Estas cosas han cambiado desde junio. No se han suprimido ni la miseria ni la injusticia. Pero ya no estás solo. No puedes todavía hacer respetar siempre tus derechos, pero existe una gran organización que los reconoce, los proclama; que puede levantar la voz y hacerse escuchar. A partir de junio no queda un solo francés que ignore que los obreros no están satisfechos, que se sienten oprimidos y que no aceptan resignados su suerte. Algunos te consideran equivocado, otros te dan la razón; pero todo el mundo se preocupa de tu suerte; todo el mundo piensa en ti, ataque o apoye tu rebelión.

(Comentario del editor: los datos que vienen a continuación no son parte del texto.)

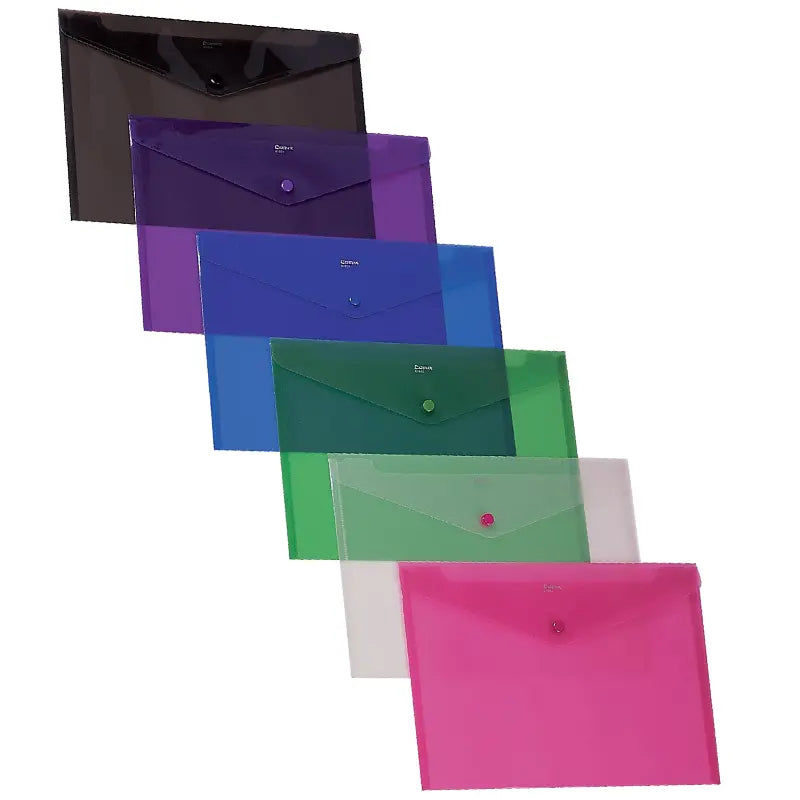 Button Envelope A4 Transparent Plastic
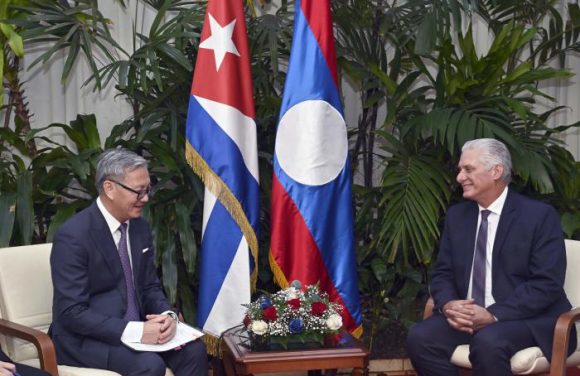 Díaz-Canel y Marrero Cruz reciben al Canciller de Laos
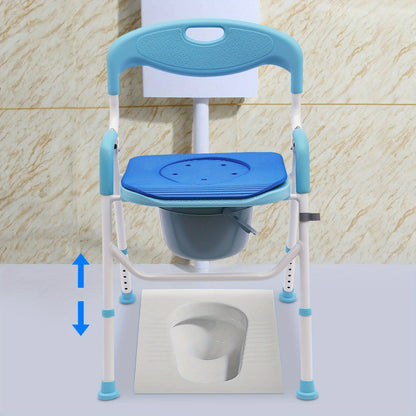 Toiletverhoger – WC Verhoger – Toiletlift – Toiletstoel – Inklapbare Douchestoel – Verstelbare Zithoogte 42-55 cm – Lichtgewicht Aluminium Frame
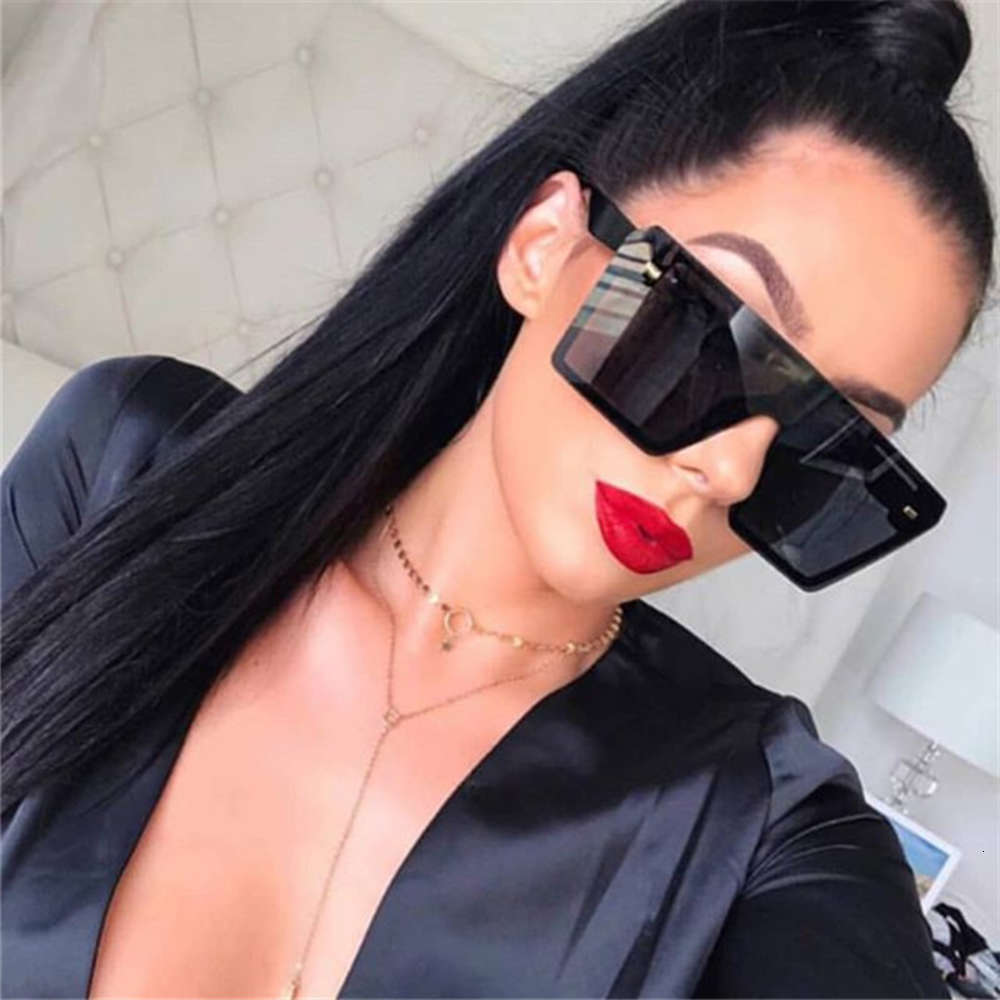 

sunglasses Fashionable sun frames Oversized Square Women Sunglasses Flat Top Red Black Clear Lens One Piece Men Gafas Shade Mirror UV400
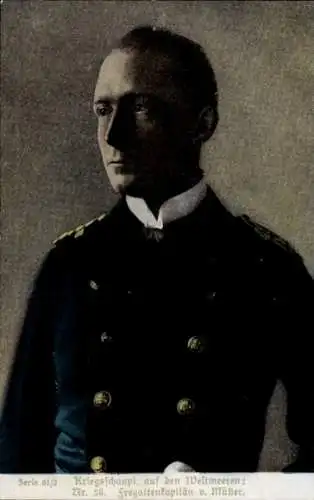 Ak Fregattenkapitän Karl von Müller, SMS Emden, Portrait, Kaiserliche Marine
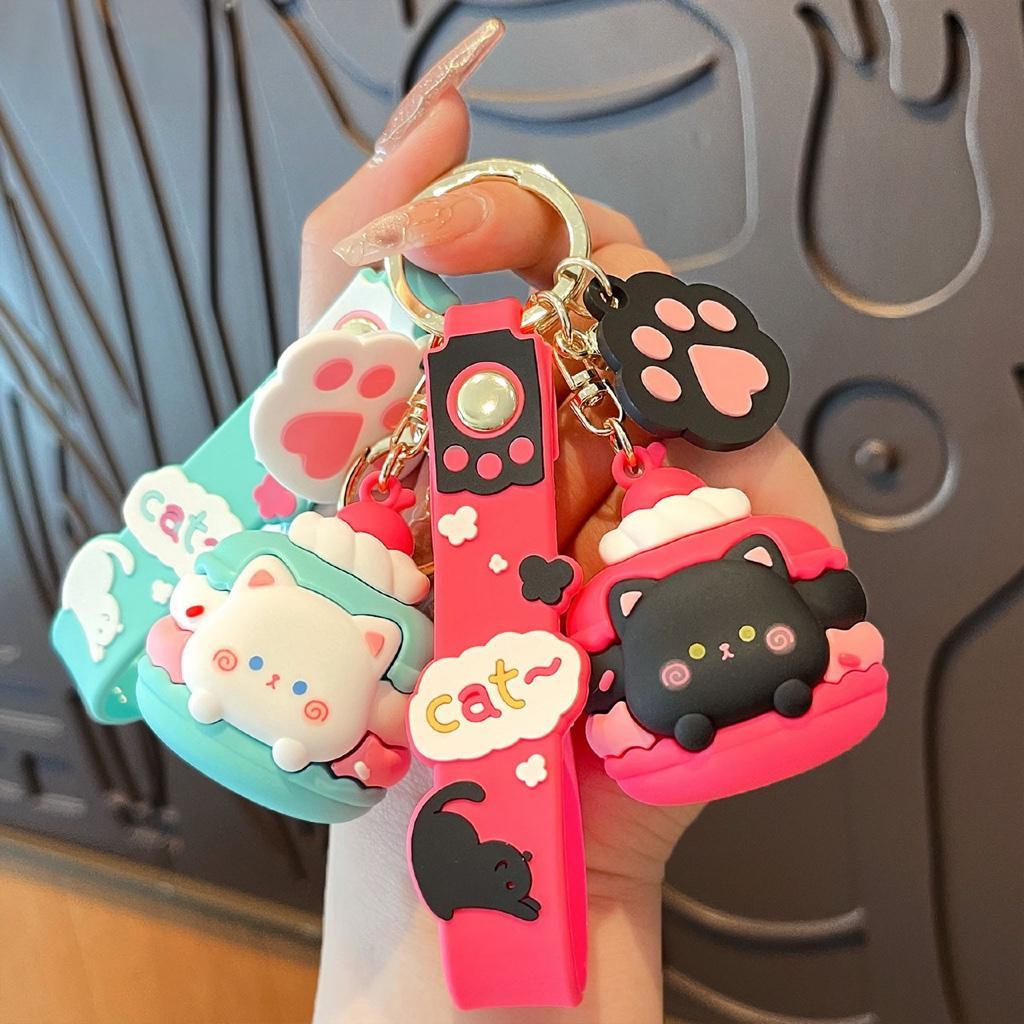 Gantungan Kunci Bag Charm Seri Cute Cat on Macaron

Una injusticia cometida contra ti puede, en determinadas circunstancias, trastornar la vida social. Has adquirido importancia; sin embargo, no olvides de dónde te viene esa importancia. Inclusive si en tu fábrica el sindicato se ha impuesto, y aun si en el presente puedes permitirte muchas cosas, no te imagines que ya «has llegado». Recobra el justo orgullo al cual tiene derecho todo hombre,[1] sin sacar de tus nuevos derechos ningún orgullo. Tu fuerza no radica en ti mismo; si la gran organización que te protege declinara, volverías a sufrir las mismas humillaciones de antes, estarías sujeto a idéntica sumisión, al mismo silencio, llegarías de nuevo a doblegarte a todo, a soportarlo todo, a no osar levantar jamás la voz. Si has comenzado a ser tratado como un hombre, se lo debes al sindicato. En el porvenir no merecerías que se te trate como a un hombre en tanto no sepas ser un buen sindicado.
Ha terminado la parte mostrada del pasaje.